▸ **Directions**:
The copy should hold exactly the lines below from the one that contains "Artesa 2 Drawer" through the one that contains "Naruto Shippuden - Narutop" and nothing else, so no pictures.

Records for the exercise section start

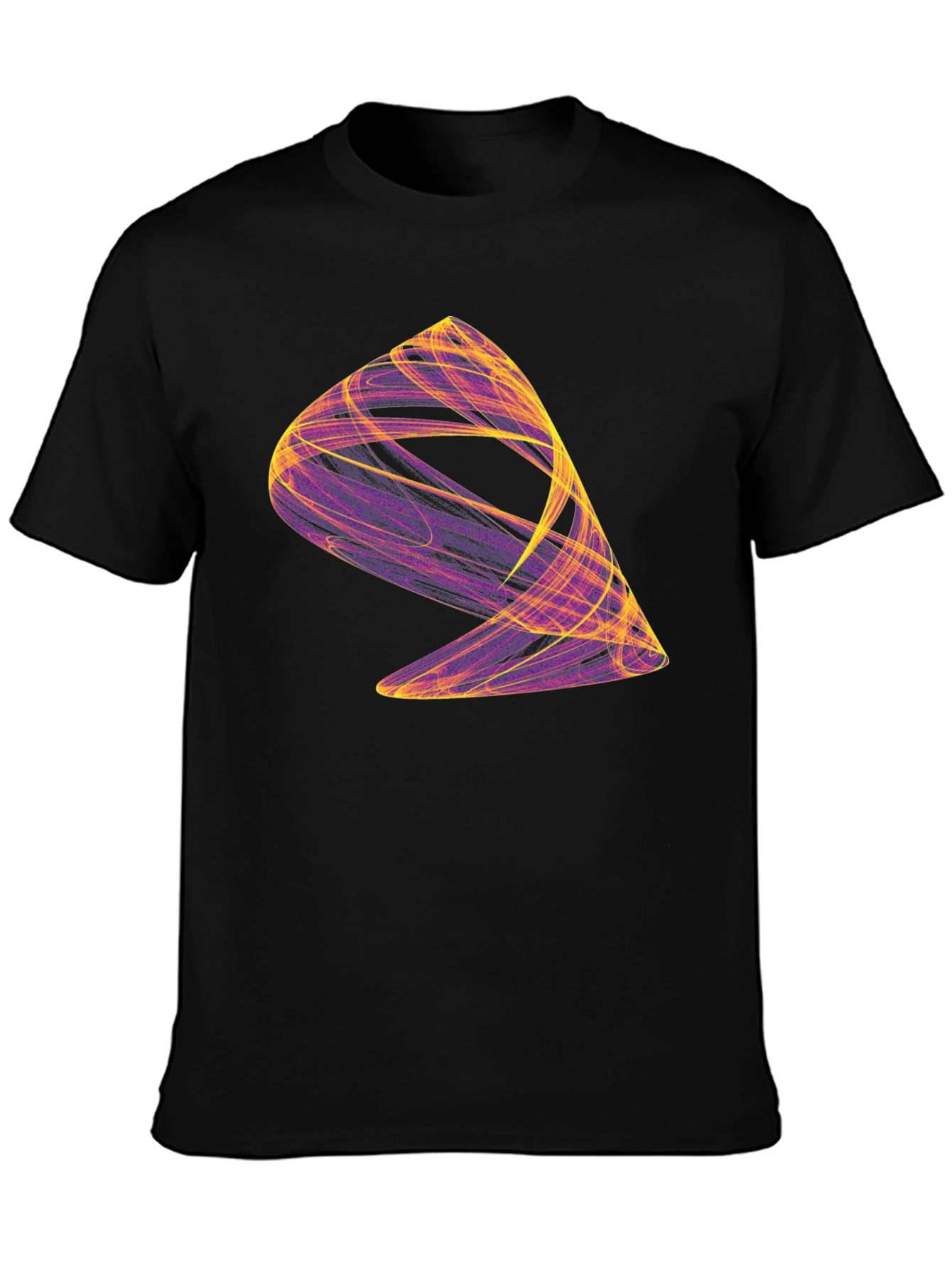 Abstract Swirl Graphic Tee - Unique Design
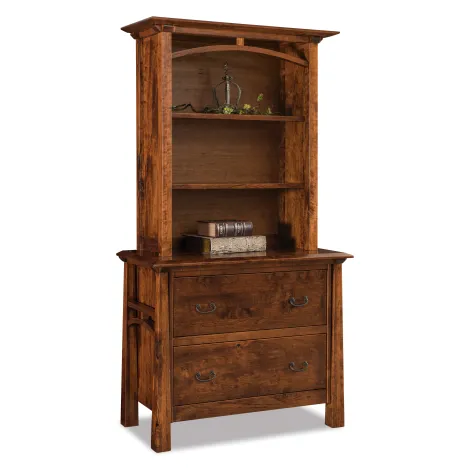 Artesa 2 Drawer Lateral File Cabinet with Bookcase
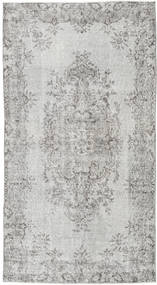 絨毯 カラード ヴィンテージ 114X209 ライトグレー/グレー (ウール, トルコ)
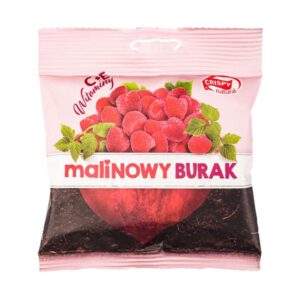 Chipsy burak suszony z sokiem malinowym z witaminami 18g CRISPY NATURAL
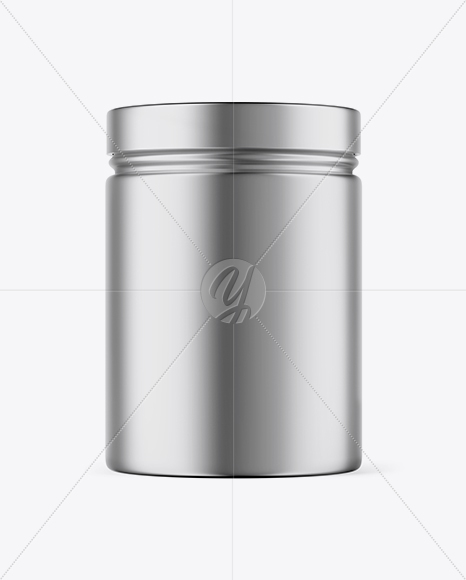 Metallic Jar Mockup Metallic Jar Mockup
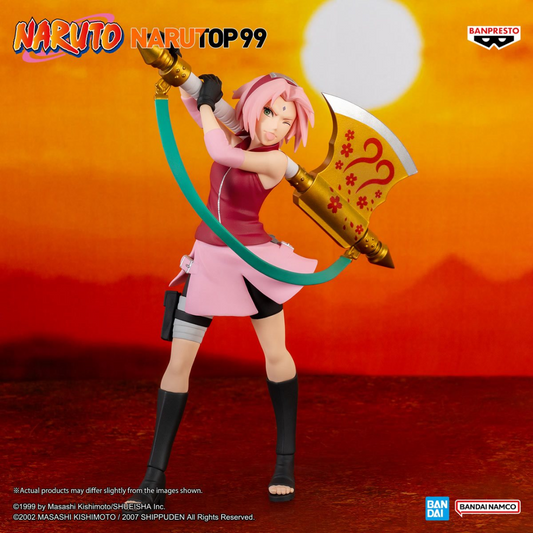 Naruto Shippuden - Narutop 99 - Sakura Haruno Figure - Banpresto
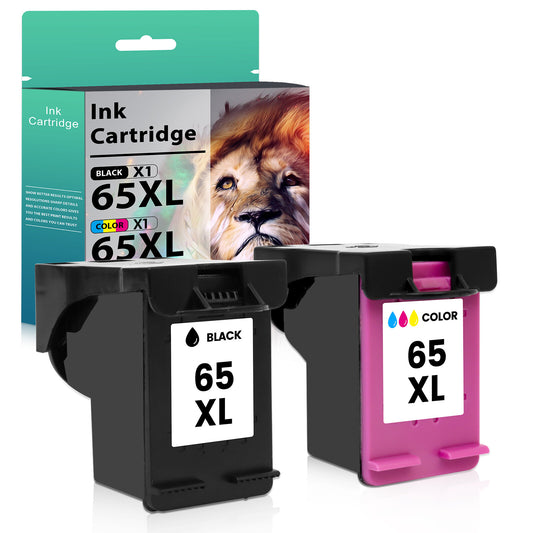 2 Pack Ink Cartridge for HP 65XL DeskJet 2600 2622 2652 3752 3721 ENVY 5052 5055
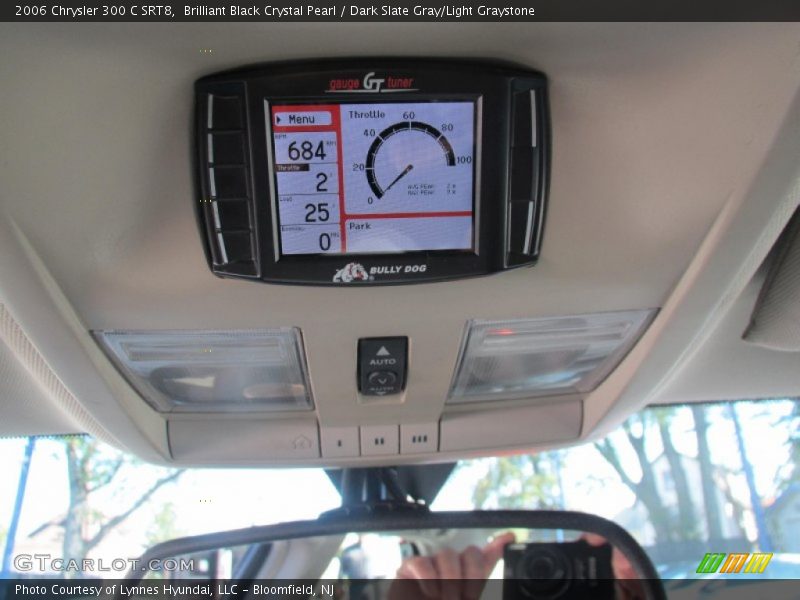 Brilliant Black Crystal Pearl / Dark Slate Gray/Light Graystone 2006 Chrysler 300 C SRT8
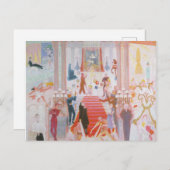 Die Kathedralen der Kunst - Florine Stettheimer Postkarte (Vorne/Hinten)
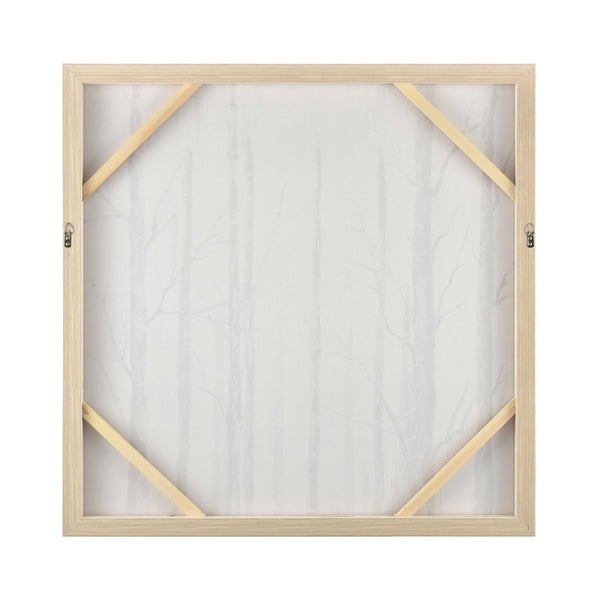 Atlas Jordan Forest Framed Wall Art - Serene Monochrome Landscape for Modern Decor in Living Spaces WA11071-01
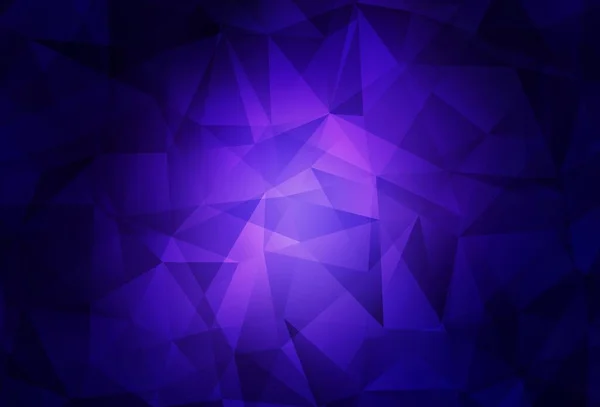 Dark Purple Vector Triangle Mosaic Texture Completely New Color Illustration — Stok Vektör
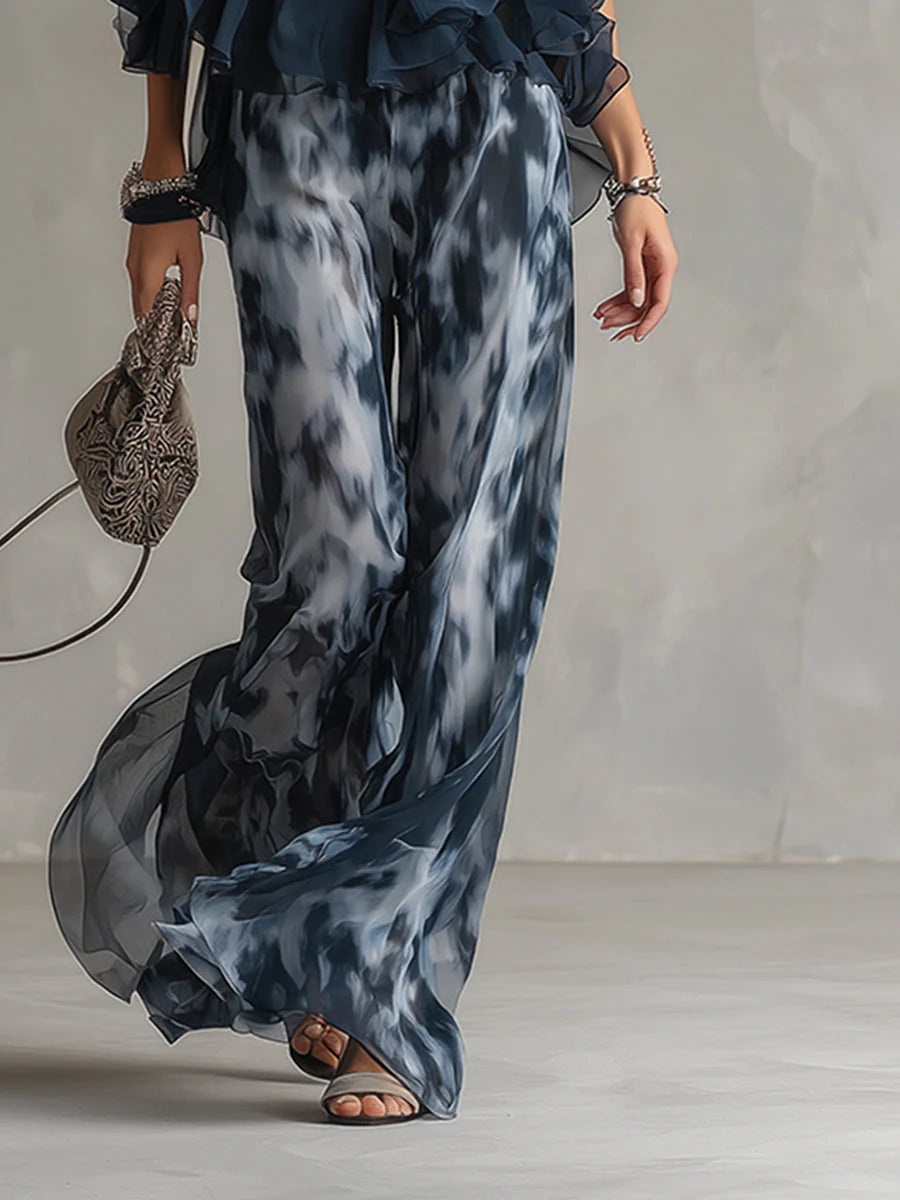 Élise | Ensemble élégant et léger avec top fluide et pantalon ample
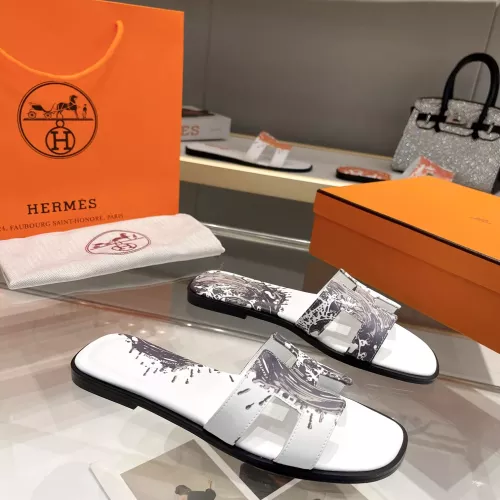 Replica Hermes Slippers For Women #1341634 $85.00 USD for Wholesale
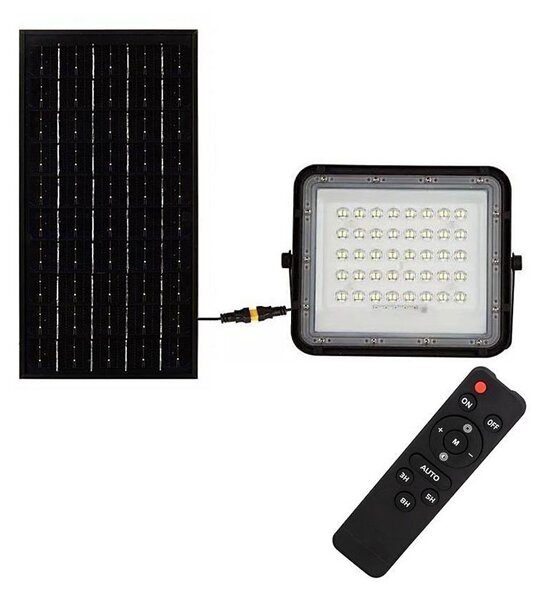 LED Venkovní solární reflektor LED/10W/3,2V IP65 4000K černá + DO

Records for the exercise section end

▸ **Written answer**:
 Artesa 2 Drawer Lateral File Cabinet with Bookcase
 絨毯 カラード ヴィンテージ 114X209 ライトグレー/グレー (ウール, トルコ)
 Chipsy burak suszony z sokiem malinowym z witaminami 18g CRISPY NATURAL
 Metallic Jar Mockup Metallic Jar Mockup
 Naruto Shippuden - Narutop 99 - Sakura Haruno Figure - Banpresto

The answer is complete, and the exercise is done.